Oh yes, I have an rt-n66u, and I'm on Comcast, so I use "DHCP-PD" type IPv6 connections.

Thanks very much for doing this. I'd love to see Asus do this for the rt-n56u, too.

 

[fr33z0n3r]

I'll try to post test builds either tonight or tomorrow night so you guys can test it as well.

I have a HE tunnel and I'd need to set it up again. Will this firewall protect that (6to4?) tunnel? Just not sure how the tunnels and firewall interplay....

A lack of firewall is the one reason I've disabled and avoided ipv6 in the past few years.

 

[RMerlin]

I have a HE tunnel and I'd need to set it up again. Will this firewall protect that (6to4?) tunnel? Just not sure how the tunnels and firewall interplay....

A lack of firewall is the one reason I've disabled and avoided ipv6 in the past few years.

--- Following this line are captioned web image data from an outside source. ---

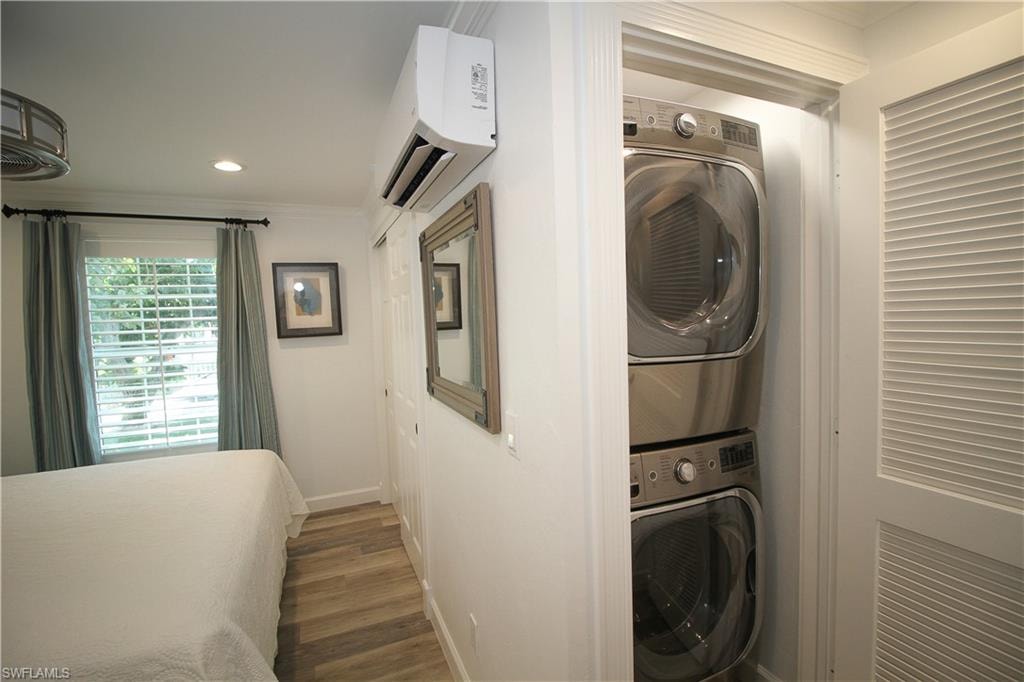 Laundry area with ornamental molding, stacked washer / dryer, an AC wall unit, dark wood-style floors, and recessed lighting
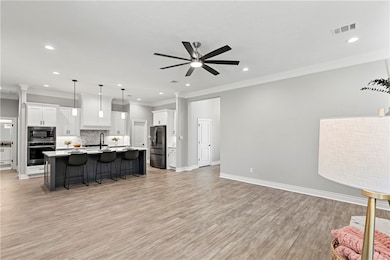 Kitchen featuring a kitchen breakfast bar, ornamental molding, pendant lighting, white cabinets, and light wood-style floors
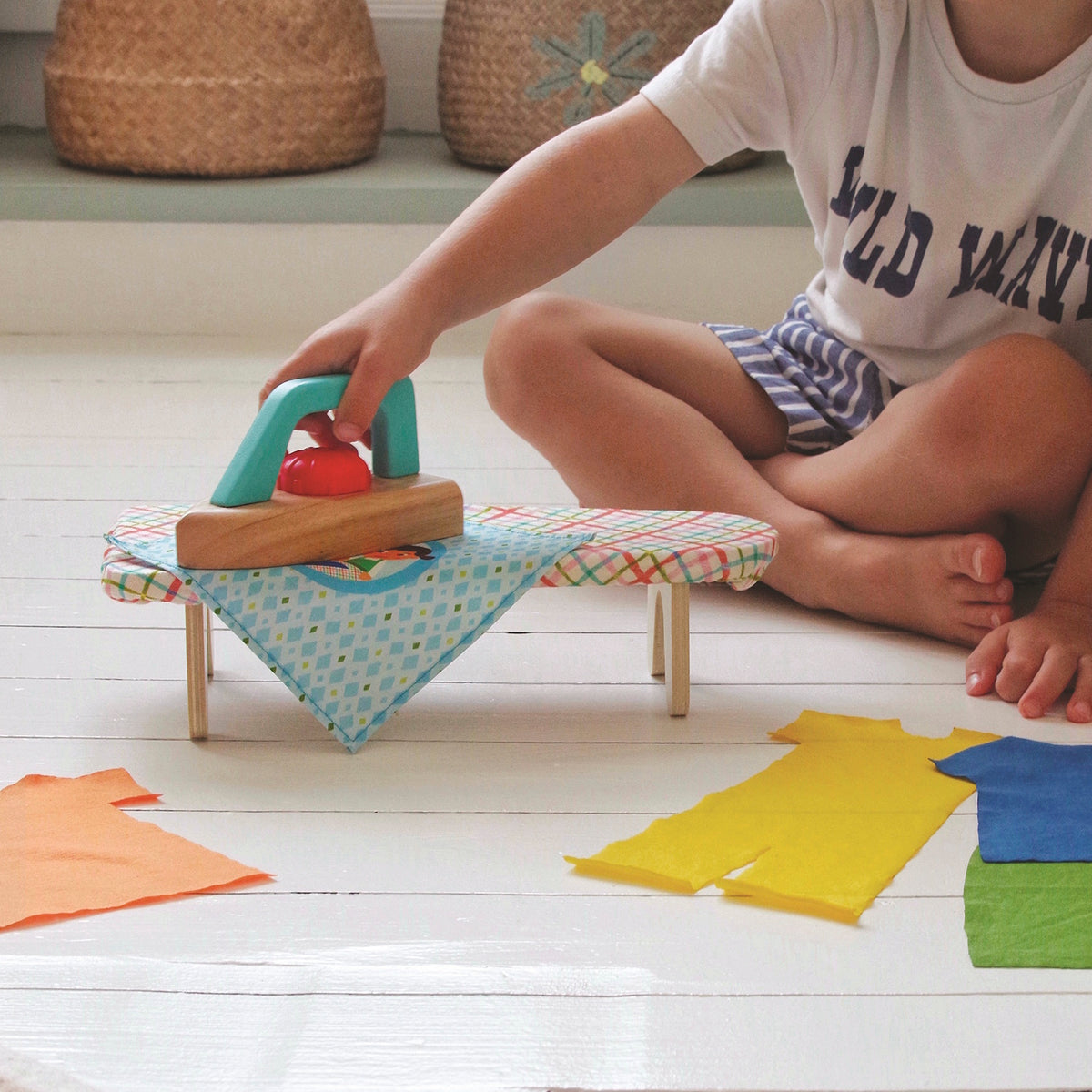 Child using a wooden toy iron and ironing board set on a white floor with colorful fabric clothes.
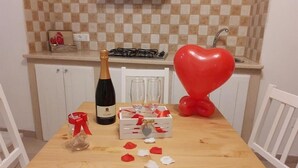 Une cuisine avec un dosseret à carreaux, une bouteille de champagne, des verres, un ballon en forme de cœur et une petite table parsemée de pétales de fleurs rouges et blanches.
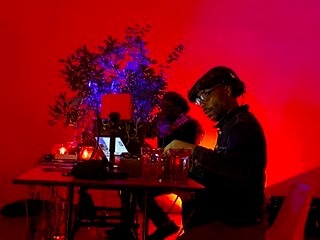 A sound artist performs seated in front of a light installation at Beaconsfield Gallery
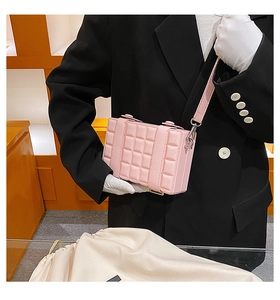 Pink box crossbody bag with quilted grid texture and adjustable shoulder strap worn by model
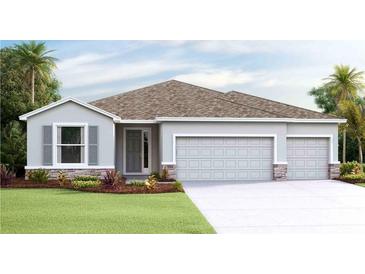 Charming single-story home featuring a stone-accented facade, a three-car garage, and well-manicured landscaping at 19657 Gladeview Way, Land O Lakes, FL 34638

HE is 6in4. It will work fine with it, that's how I tested it myself.

 

[RMerlin]

I'm finding that your new firewall is working fine for basic routing and wireless use. I've used the internet IPv6 port scanners (3 different ones, including http://netalyzr.icsi.berkeley.edu/), and the results indicate that there's a firewall for IPv6, plus everything on my home network is working as it should.

So things look good here for me. I'll just keep using the beta firmware until you get to an "official" release.

Oh yes, I have an rt-n66u, and I'm on Comcast, so I use "DHCP-PD" type IPv6 connections.

Thanks very much for doing this. I'd love to see Asus do this for the rt-n56u, too.

Can you test if opening a port also works? If you have any Professional version of Windows for instance, make sure Remote Desktop is enabled, check what the IPv6 is for that PC, and try opening port 3389 for that IPv6. Then, use an online port scanner and see if port 3389 is open.

IPv6 firewalling is (IMHO) a major issue with Asuswrt. Once I know this works well, I will probably try to convince Asus into implementing it in Asuswrt, since right now IPv6 offers zero security in the stock firmware.